=== WHAT IS REQUIRED ===
Transcribe every record verbatim; no pictures.

Pictures with short captions:
--- START ---

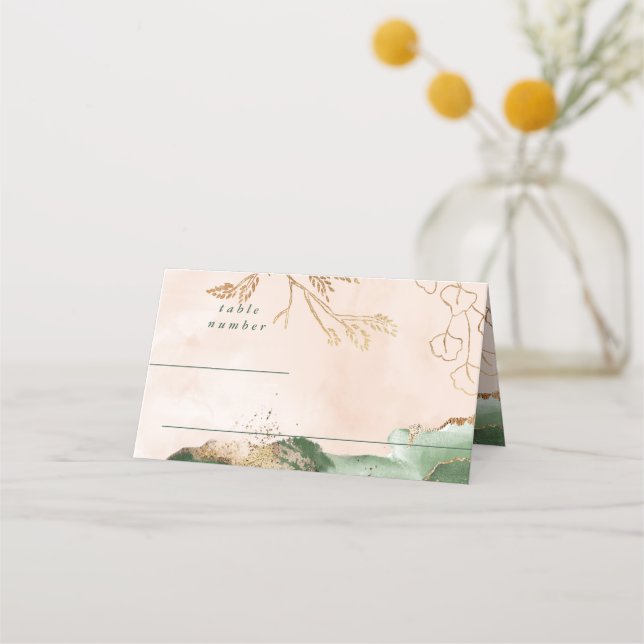 Carte De Placement Eucalyptus de la mousse d'or | Aquarelle Abstraite (Devant)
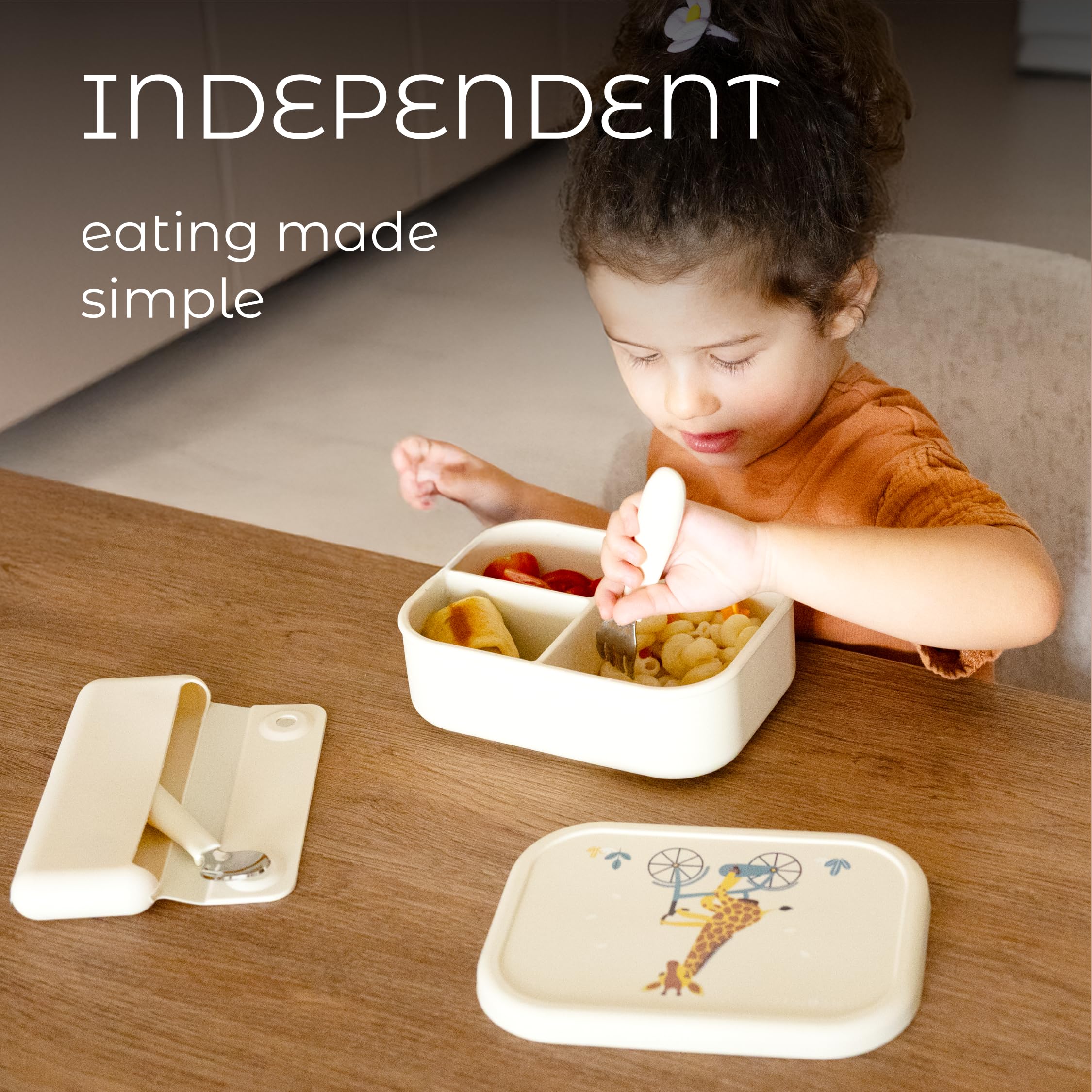 ASOMIC silicone-handled toddler utensils: comfortable grip for self-feeding.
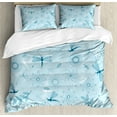 thumbnail image 1 of Ambesonne Blue Duvet Cover Set, Flowers Dandelions, 2-Calking, Seafoam Blue and White, 1 of 3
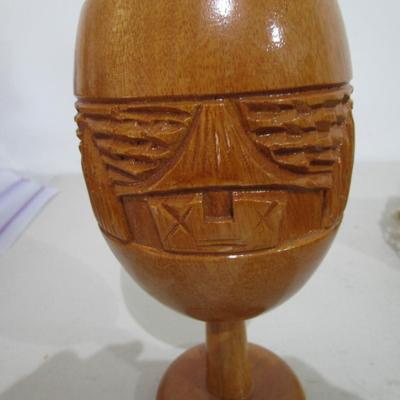 #98 Wooden Hawaii goblet, wooden bowl, decorative glass balls in netting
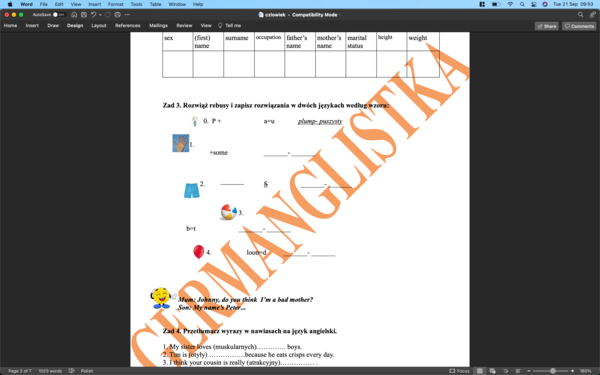 Człowiek- ćwiczenia leksykalne- powtórka przed egzaminem ósmoklasisty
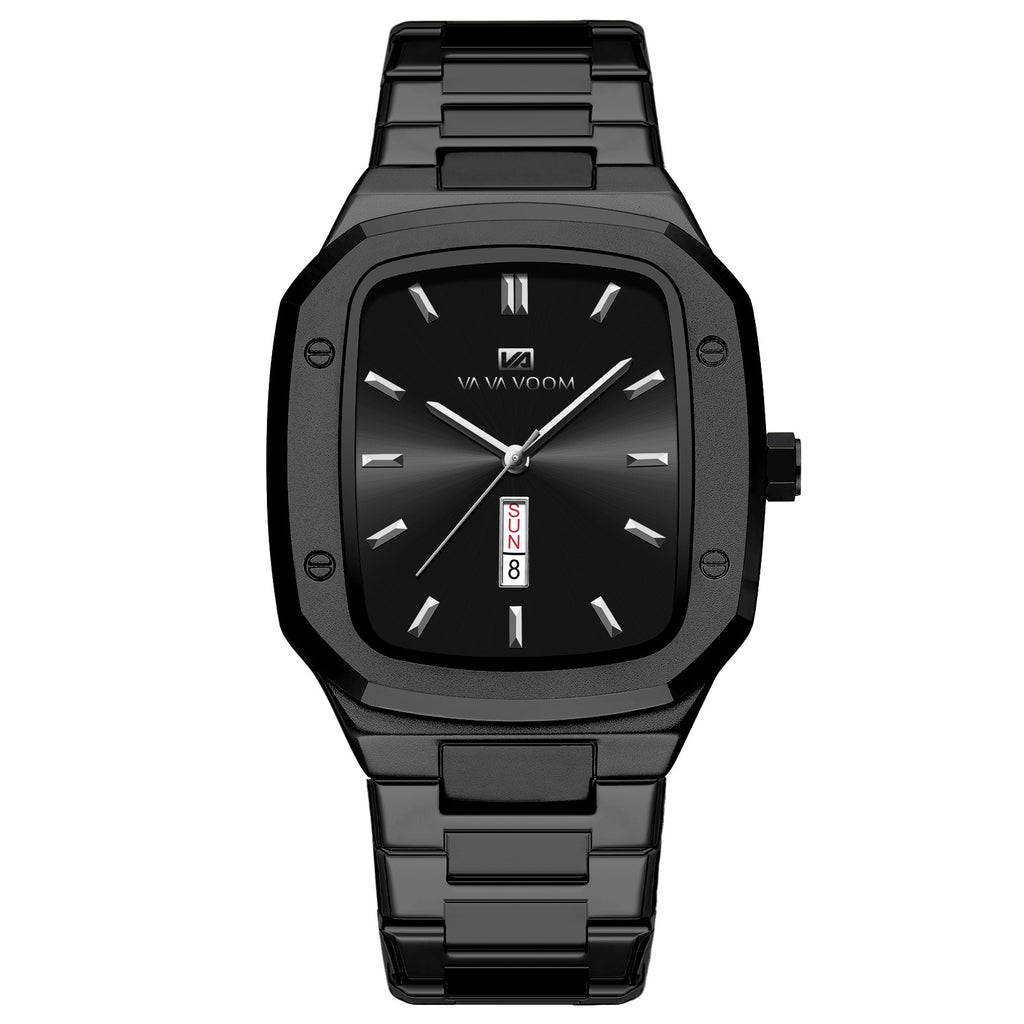 Business Rectangulaire Creative Dual-Date Steel-Strap Mens Watch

--- END ---

=== SOLVED PROBLEM ===
 Carte De Placement Eucalyptus de la mousse d'or | Aquarelle Abstraite (Devant)
 ASOMIC silicone-handled toddler utensils: comfortable grip for self-feeding.
 thumbnail image 1 of Ambesonne Blue Duvet Cover Set, Flowers Dandelions, 2-Calking, Seafoam Blue and White, 1 of 3
 #98 Wooden Hawaii goblet, wooden bowl, decorative glass balls in netting
 Człowiek- ćwiczenia leksykalne- powtórka przed egzaminem ósmoklasisty
 Business Rectangulaire Creative Dual-Date Steel-Strap Mens Watch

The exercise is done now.